A contraceptive injection can have side effects including bone-thinning and weight gain. An IUD is uncomfortable to insert, and can have side effects include cramping and back aches. Again, side effects usually resolve, but why should you have to implant something in your uterus, in your arm, in your body at all?

It would be great if the male pill becomes available. But as I write this, I’m inwardly cheering while also making a twitchy, unconvinced face. Without over-generalising, can you trust a man (given he wouldn’t undergo an abortion) to remember to take his contraceptive pill? Yes? Great. No? A problem. But in the meantime, condoms.

Gabrielle wants condoms promoted like seatbelts. “We can normalise condom use so much that asking ‘should I wear a condom’ is universally recognised as a ridiculous question, just like asking ‘should I wear a seatbelt’ is ridiculous.” (Rather than ‘make it click’, perhaps ‘patrol your dick’? Hmm, maybe let’s stick to ‘ejaculate responsibly’.)

How do we change the social discourse? By normalising open conversations about contraception, starting with more and better sex education at high schools. Learning about relationships and sexuality is now part of the New Zealand curriculum. A 2020-updated resource, ‘Relationships and Sexuality Education: A Guide for Teachers, Leaders, and Boards of Trustees’ focuses on consensual, respectful relationships. But the quantity and quality of school sex ed is patchy, says Dr Cathy Stephenson, a GP who works with young people, and a University of Otago senior lecturer. She doesn’t think there’s enough focus in sex-ed classes on males sharing responsibility for pregnancy prevention. Unrolling a condom onto a banana doesn’t cut it.

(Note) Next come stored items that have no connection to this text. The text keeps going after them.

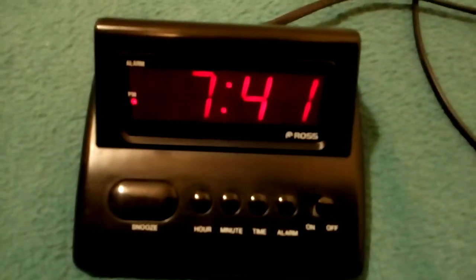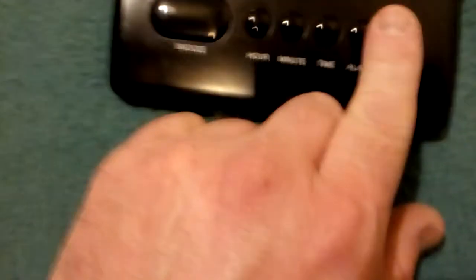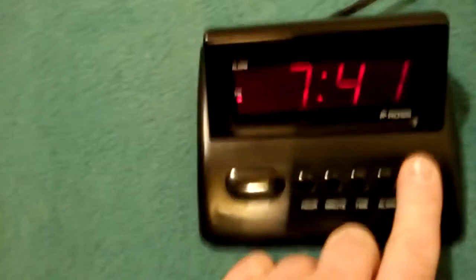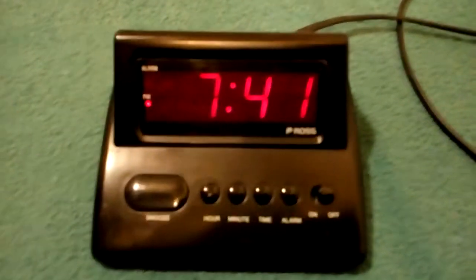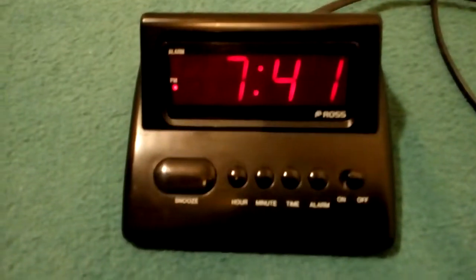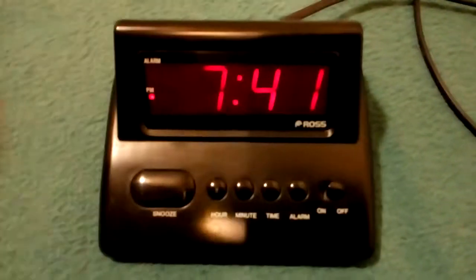This is a Ross alarm clock — not a radio, just an alarm clock. There's a snooze button, hour, minute, and time controls. You set the alarm by turning it on, and you can snooze it by pressing that button. It has a lovely red display. It's quite old — I think it's about 25 years old — and it still works very well. These are quite simple, so there's not really much to go wrong.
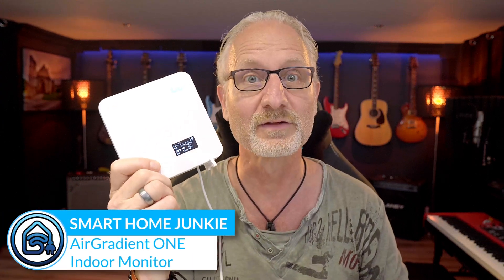Hi! This is the Air Gradient 1, an air quality sensor that works standalone and with Home Assistant. I have tested this over the past few weeks and will share my experiences with you. Additionally, I will show you how to integrate this air quality meter into Home Assistant.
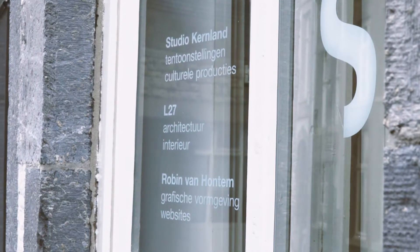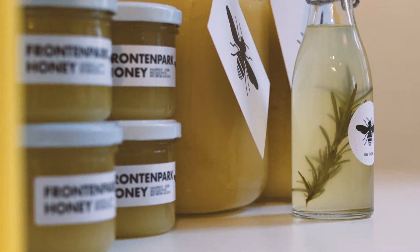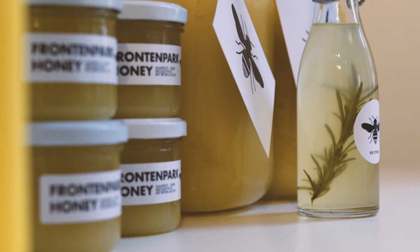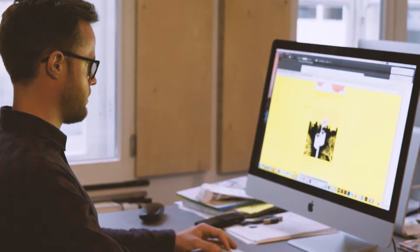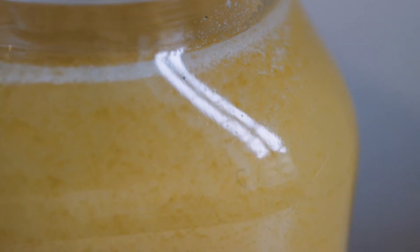We harvest some of the honey and sell it here in Maastricht. We use this money to finance the beekeeping, because every year we have to make small investments, or when a colony disappears we can get a new one. We want to make sure people know bees are having trouble surviving, while they are very important for our food production.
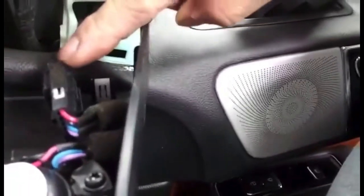Once you remove the cover, there's a plug-in here for that little speaker. To remove it, just push the clips and pull it.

Kate never had a life-skills class at school; never even saw the banana manoeuvre. It’s only now, looking back, that Kate feels upset that she took the blame for getting pregnant. “He was responsible for his sperm as much as I was for my ovaries. And I realise now that [his reaction shows] he didn’t have the traits I want in a partner.” Kate, who wants children but not yet, doesn’t want to use female contraceptives that she considers invasive and fallible, so her husband uses condoms, and is fine with that. “More men should ejaculate responsibly.”

So could this entreaty to Ejaculate Responsibly break through the ‘ideasphere’ to gain momentum as a movement? We’re here for it!